Thelonious Monk Quartet

 Monk's Dream: Thelonious Monk, Thelonious Monk: Amazon.fr: Musique
Thelonious Monk représente, avec Mingus et quelques autres, la naissance du jazz moderne. Comme beaucoup de musiciens des années 30 à 50, son parcours musical démarre dans une église , où il plaque ses premières mélodies sur un vieil orgue poussiéreux. Ses progrès rapides lui permettent d’intégrer ses premiers Big Band, et d’en sortir avec la conviction que ces formations tapageuses ne sont pas faites pour lui.

Il en arrête donc ses errements collectifs, pour former son quintet , et trouve sa voie à force d’improvisations. Sa première inspiration, le grand Monk la trouve en se promenant en ville.
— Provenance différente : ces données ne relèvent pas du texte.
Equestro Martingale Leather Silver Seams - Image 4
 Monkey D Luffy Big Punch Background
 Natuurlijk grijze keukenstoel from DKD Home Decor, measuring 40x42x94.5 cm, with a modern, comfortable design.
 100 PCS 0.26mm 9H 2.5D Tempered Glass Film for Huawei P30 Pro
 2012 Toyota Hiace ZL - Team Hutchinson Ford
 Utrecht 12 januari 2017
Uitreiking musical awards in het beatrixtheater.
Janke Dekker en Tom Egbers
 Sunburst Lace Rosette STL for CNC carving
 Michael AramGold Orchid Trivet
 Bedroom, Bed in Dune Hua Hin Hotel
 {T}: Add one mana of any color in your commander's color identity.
Au milieu de bâtiments imposants, les automobilistes expriment leur empressement à grand coup de klaxon rageur. Ce son, qui pour le commun des mortels n’est que l’expression irritante de la bêtise d’hommes qui fonceraient dans les murs pour gagner quelques secondes , est la base du swing Monkien.

 Notons en passant que l’essor des moyens de locomotion a fait autant pour la musique américaine que n’importe quel instrument. Du côté du Missisipi , les travailleurs de coton passent leur vie à reproduire le rythme des trains pour accompagner leurs complaintes. De cette manière, le jazz et le blues furent liés dès leur origine , le premier représentant le swing urbain alors que le second entretenait un swing terreux et rural.

Après quelques années chez Blues note , qui publia le grandiose « criss cross » , Monk est enfin signé par Columbia. Ce label n’est pas une simple maison de disques, c’est un temple qui a abrité les plus grands artistes contemporains, d’Aretha Franklin à Bob Dylan, en passant par Miles Davis et Duke Ellington. C’est donc logiquement sur ce label que Thelonious Monk livre ce qui restera le sommet de sa classe dissonante.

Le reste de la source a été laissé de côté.